Lesson Learned: Do reading ahead of time! You never know what information you might be missing that will greatly impact your day. We would have had a MUCH different experience if we’d organized a snorkeling or diving tour. This island is an AMAZING place to snorkel / dive if you do it right!!!
Our best snorkeling adventure was the last thing we had time to do in the Philippines. Tingko beach is just outside of Alcoy on Cebu Island. Our bus back to Cebu city only left at around 4pm, so we decided to try snorkeling one more time before leaving the Philippines.
We were a bit worried when we arrived, because once more, there was nowhere to set up or put our things. There were also no umbrellas. We were about to walk away when a young Filipino man came over and asked us if we’d like to hire him and his boat for some snorkeling.
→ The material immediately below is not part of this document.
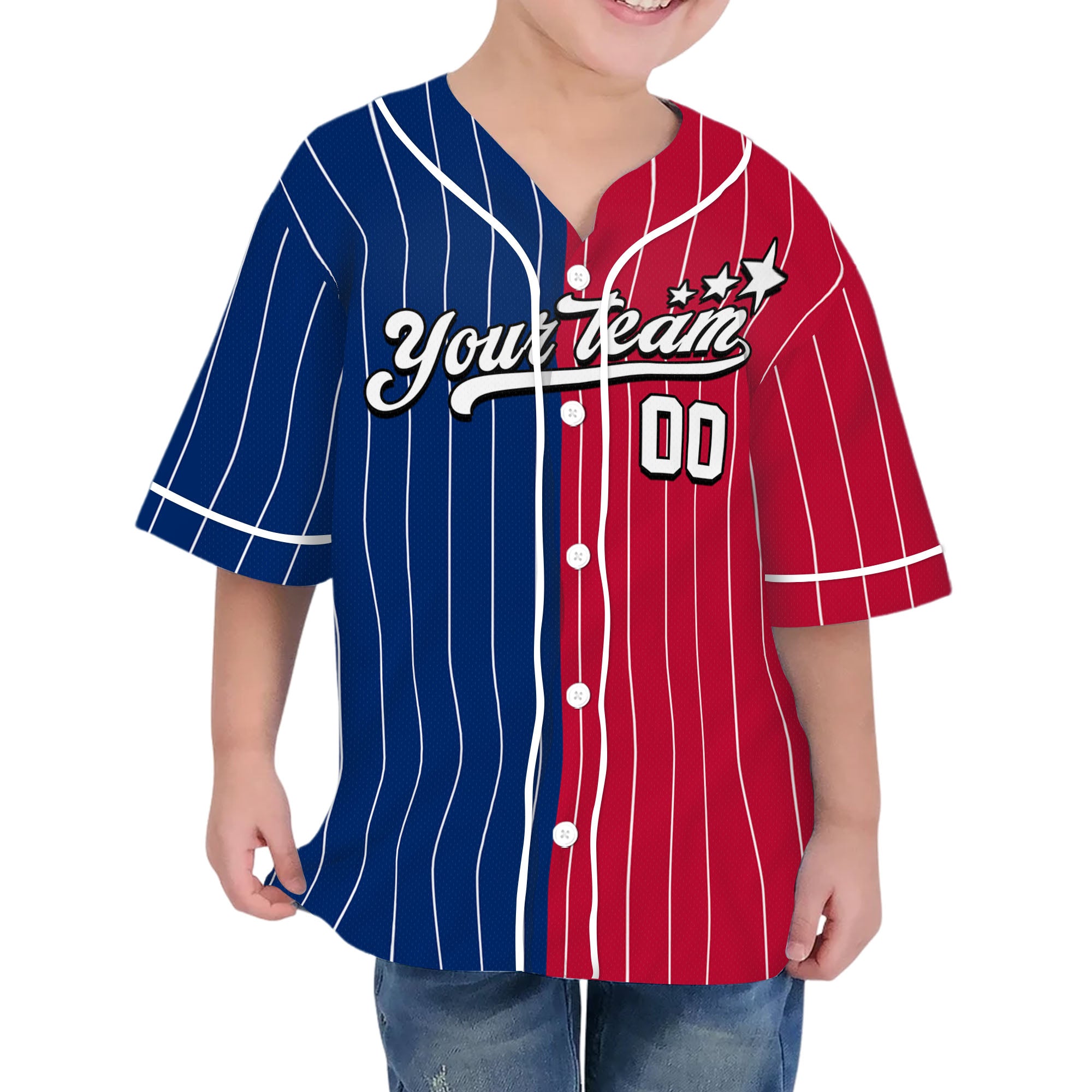 custom-great-america-flag-baseball-jersey-full-star-red-and-blue-tka83-3083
I was VERY skeptical at first. We asked him about a price, and it seemed a bit high, but he quickly lowered it (probably more than he needed to). When he said he had a ladder to get in and out of his boat (to avoid further rib bashing), we agreed to hire him for an hour to do some snorkeling. I was so glad we did!
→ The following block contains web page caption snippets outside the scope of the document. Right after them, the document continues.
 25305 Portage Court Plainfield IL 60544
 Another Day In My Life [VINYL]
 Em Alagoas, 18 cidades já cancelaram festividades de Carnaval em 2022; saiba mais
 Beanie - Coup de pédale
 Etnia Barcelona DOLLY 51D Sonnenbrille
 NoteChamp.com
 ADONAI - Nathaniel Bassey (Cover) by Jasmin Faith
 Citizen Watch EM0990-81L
He brought us around to 3 different spots in that hour. I only snorkeled at the first spot, because I wasn’t actually feeling very well that morning, but it was an amazing area to explore! We actually even saw a sea snake swimming through the seaweed! Unfortunately, we didn’t have the camera with us…but we’ve learned over the last few years that some experiences just need to be experienced. The little snake swam away as quickly as he appeared, so I doubt we could have gotten any shots anyway.
While Dave explored stops 2 and 3 on his own, I chatted with our captain. He was no more than 25 years old, but has 4 children, all under the age of 5. He told me how much he loves being a dad and how he adores going home and hearing his kids scream ‘Daddy!’ when they see him. He seemed like a really nice person, and in the end, I paid him his original asking price.
Lesson Learned: Not everyone in the tourism industry is trying to rip you off. Some people are just trying to make an honest living while trying to be a top-notch husband and father.